For me, horror is more of a stress release. A ghost terrorizes a family. A serial killer abducts some one. It is the entertainment I desire sense doing theses things in real life is very much frowned upon. Also, many of the horror short stories ive enjoyed the most, made no attempt at fear.
Ive been 20 yards from a cougar and it scared the hell out of me. The same event written out would not so much. sure, the writer could make it entertaining, but it would not scare me.
And of course there are aspects i try to avoid. namely theses would be Vampires, Zombies and Cannibals. The first two are way overdone and the last is just not appealing. If the only aim is to elicit the gross out factor, I'll pass. I dont do gross just for the sake of gross. I am far more tolerant of violence just for the sake of violence if its good. Good story trumps all.

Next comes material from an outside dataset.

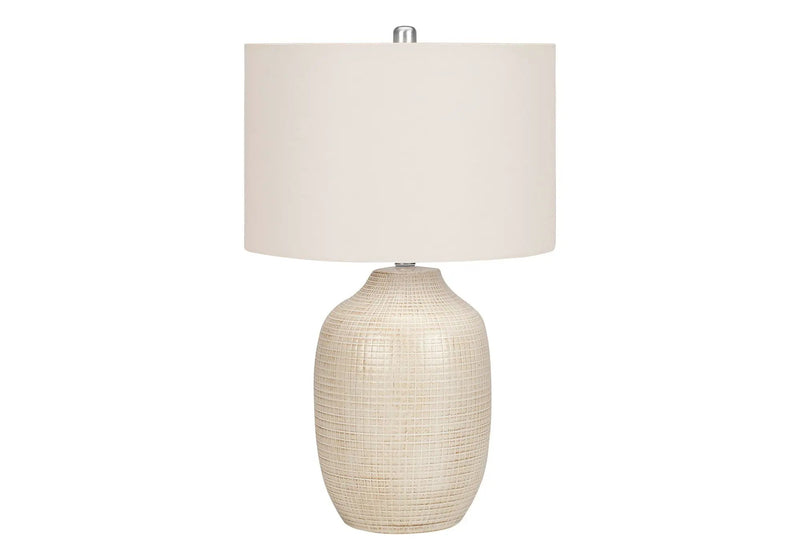 Table Lamp, Lighting, Ceramic, Contemporary - Cream by HouseOfZazla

Done right, the fear comes not from the cougar, but from fear the cougar might kill your favorite character. Few readers live in a place where cougars are a worry, but all of them can be frightened that a favorite character is about to become Kitten Chow.

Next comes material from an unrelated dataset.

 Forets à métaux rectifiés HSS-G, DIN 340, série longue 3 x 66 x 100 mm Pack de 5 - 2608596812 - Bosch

A serial killer, I think, is different. Fear a favorite character will be killed still plays a part, but while most will never have to face a cougar, anyone can be the target of a serial killer. This, I think, is a good time to work real numbers into a story. Most people don't know there are from thirty-five to fifty serial killers still on the loose at any given time.
This shouldn't frighten people, but I've found it usually does, so it's kind of a double whammy. I'm always looking for such things to work into a story.
An extremely common fear is having your children harmed. Not much scares me in real life. Not even a nose to nose encounter with a cougar or a bear, not free climbing cliffs, and not even being shot at.
But even a stray thought of someone harming my grandchildren terrifies me. True terror.
Anyway, I think you have to look at each type of situation a bit differently. You can scare the bejeebers out of readers without being scared yourself. Sometimes you make them afraid a favorite character will be killed, and sometimes you make them go check the locks on the door, or make them call to see if the grandkids are sleeping soundly.